Роксана Косс пела по утрам строго в течение трех часов и иногда еще раз после полудня, если чувствовала себя в голосе, и, пока она пела, никто даже не помышлял о смерти. Все думали лишь об опере и о Роксане Косс, об упоительной красоте ее верхних регистров. Очень скоро у обитателей дома осталось три главных занятия: предвкушение ее пения, наслаждение ее пением и размышление о ее пении.
Хоть власть и ускользала из рук командиров, они как будто этому не препятствовали. Теперь полная безнадежность их предприятия казалась главарям террористов не столь невыносимой, и вот уже много ночей они спали почти спокойно. Командир Бенхамин продолжал отмечать дни на стене в столовой. У них появилось больше времени, чтобы сосредоточиться на переговорах. Между собой командиры разговаривали так, словно пение являлось частью их плана. Оно успокаивало заложников. Дисциплинировало боевиков. И к тому же отлично помогло разделаться с шумом из-за стены. Похоже, при открытых окнах пение было слышно снаружи – вопли громкоговорителей прекращались, стоило Роксане Косс раскрыть рот, а через пару дней после начала репетиций громкоговорители замолкли вовсе. В такие часы улица наверняка представляла собой любопытное зрелище: забитая народом, никто не кашляет и не грызет чипсы, все тянут шеи, чтобы внимать голосу, который раньше слышали разве что в записях и во сне. Выглядело все так, будто командиры организовали для людей ежедневную концертную программу – они, кстати, и сами в это уже поверили. Подарок народу, развлечение военным. Все-таки не зря они захватили Роксану Косс.

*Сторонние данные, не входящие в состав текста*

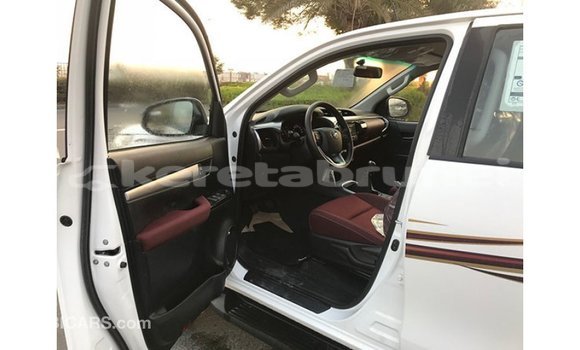Buy Import Toyota Hilux White Car in Import - Dubai in Belait Buy Import Toyota Hilux White Car in Import - Dubai in Belait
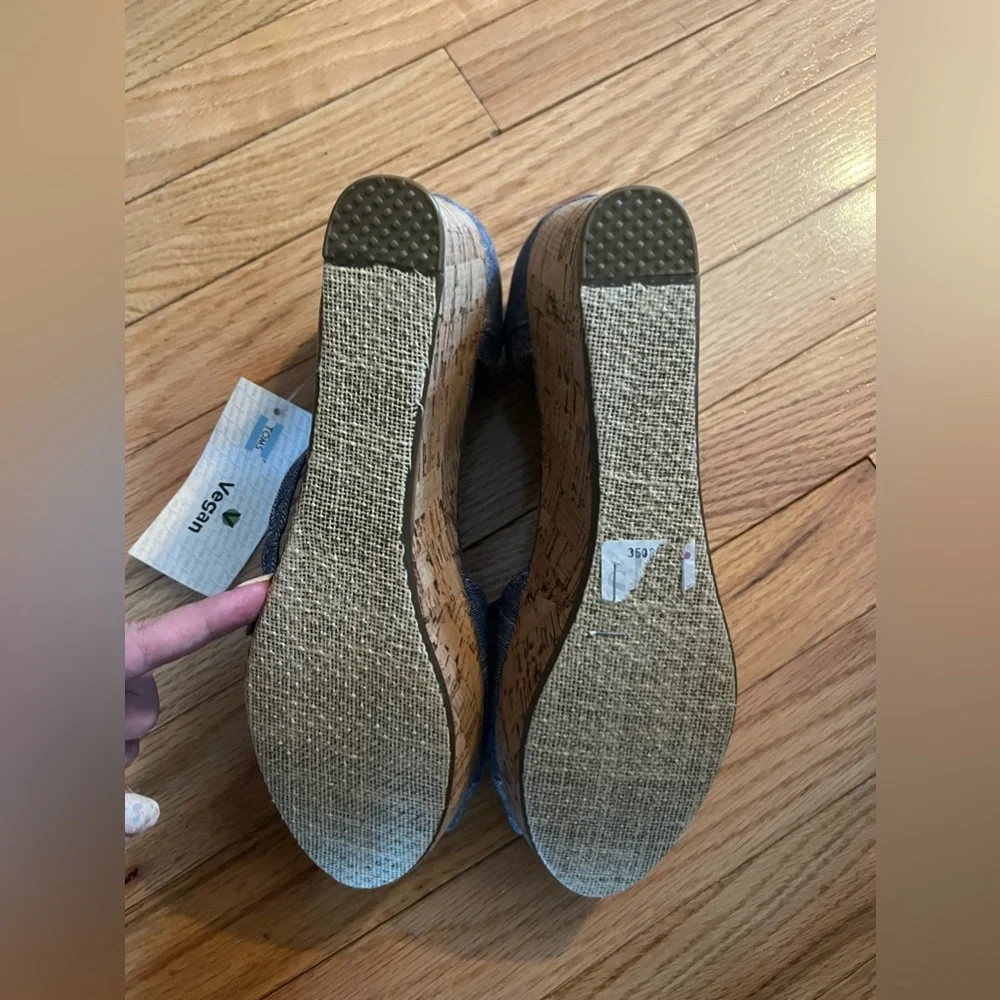 Toms‎ wedges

– Мы заставим ее петь еще больше, – заявил командир Эктор, развалившись под балдахином на обширной кровати в одной из нижних гостевых спален и водрузив ноги в башмаках на светлое, покрытое вышивкой одеяло. Бенхамин и Альфредо сидели в креслах, обитых материей с узором из громадных розовых пионов. – Пару лишних часиков она выдержит без проблем. И разнесем эти выступления по времени так, чтобы было неожиданно.
– И исполнять она будет то, что мы скажем, – вторил ему Альфредо. – Пусть поет по-испански. Этот итальянский невозможно выносить. К тому же она может пропеть наши требования.

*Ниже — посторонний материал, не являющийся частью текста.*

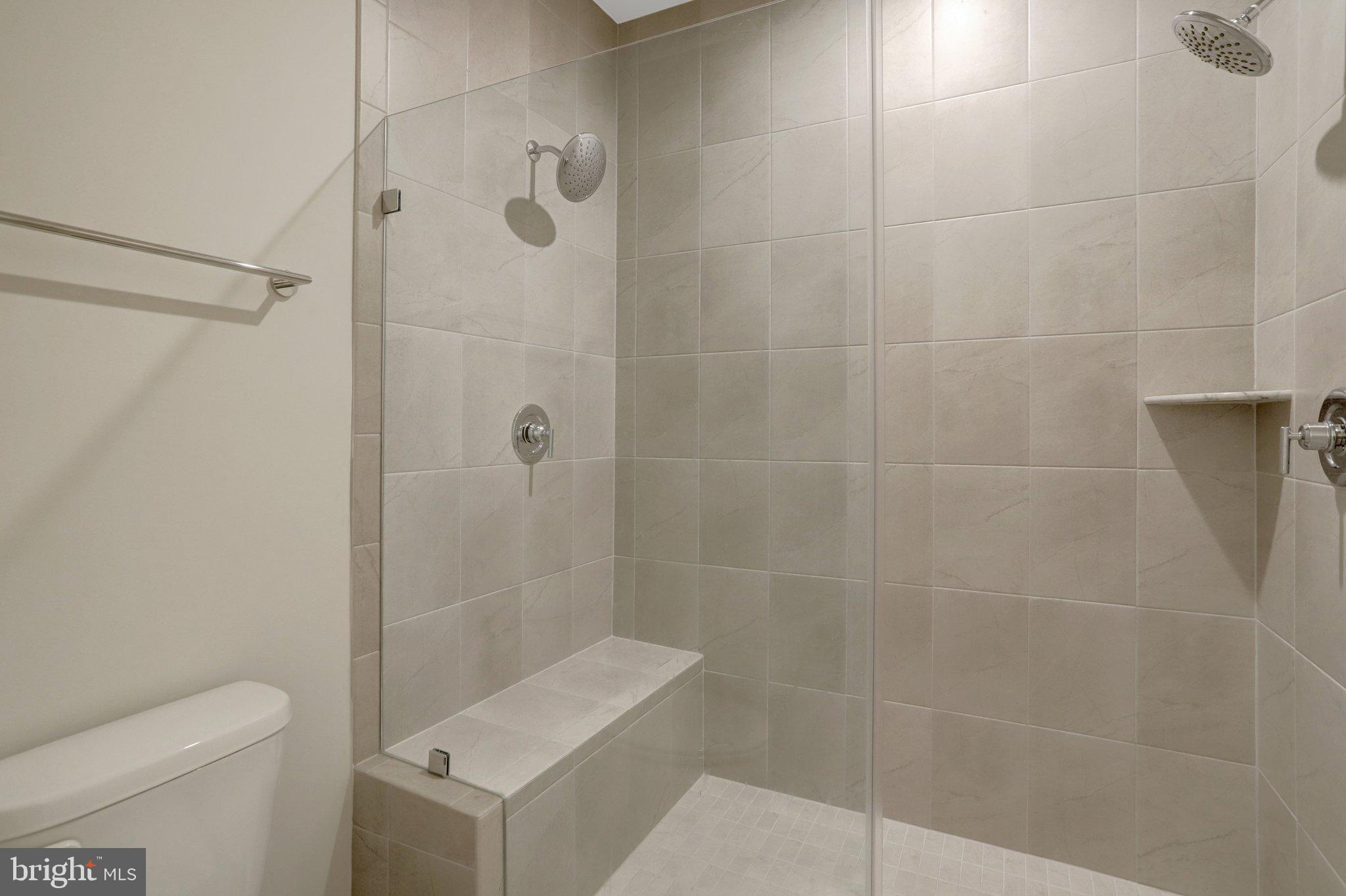 THE FLATS AT NATIONAL HARBOR - Residential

Но командир Бенхамин хоть и поддавался иногда заблуждениям своих товарищей, прекрасно понимал, что сказать Роксане Косс они могут только «спасибо».
– Я не думаю, что нам надо ее о чем-то просить, – заметил он.

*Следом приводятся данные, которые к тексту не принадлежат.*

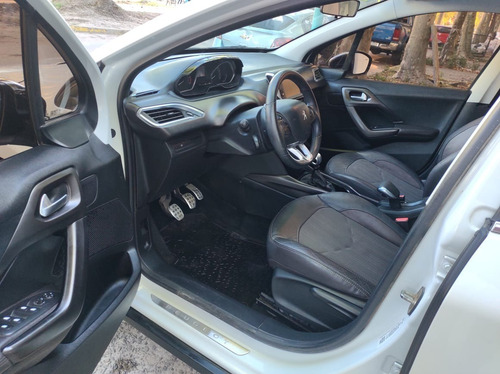 Imagen 4 de 9 de Peugeot 2008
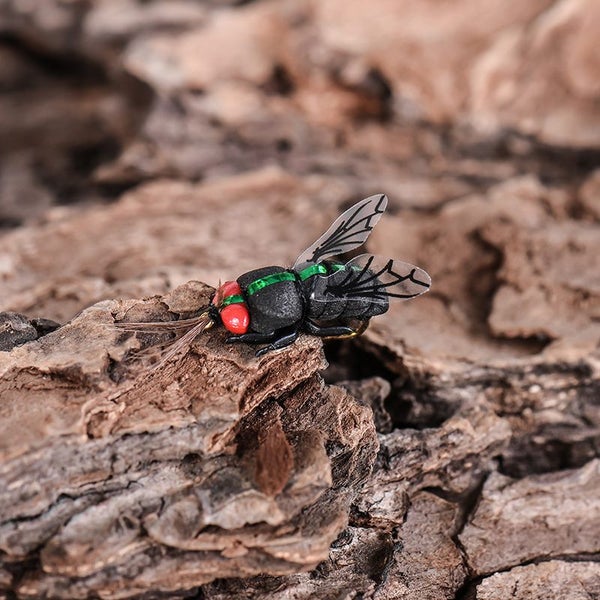 2Pcs Insects Flies Fly Fishing Lures Topwater Bait Dry Flies Trout Carousel 7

– Мы не будем ее просить! – холодно отчеканил Эктор, поправляя подушку под головой. – Мы ей прикажем.
Бенхамин немного помедлил. Роксана Косс как раз пела, и, обдумывая ответ, командир качался на волнах ее голоса. «Неужели это не очевидно? – хотел он сказать своим друзьям. – Разве вы сами не слышите?»
– Музыка, насколько я понимаю, вещь очень специфическая. Так мне видится. Мы все устроили правильно, но если начнем давить… – Он пожал плечами, хотел было почесать пораженное лишаем лицо, но опомнился. – То можем остаться ни с чем.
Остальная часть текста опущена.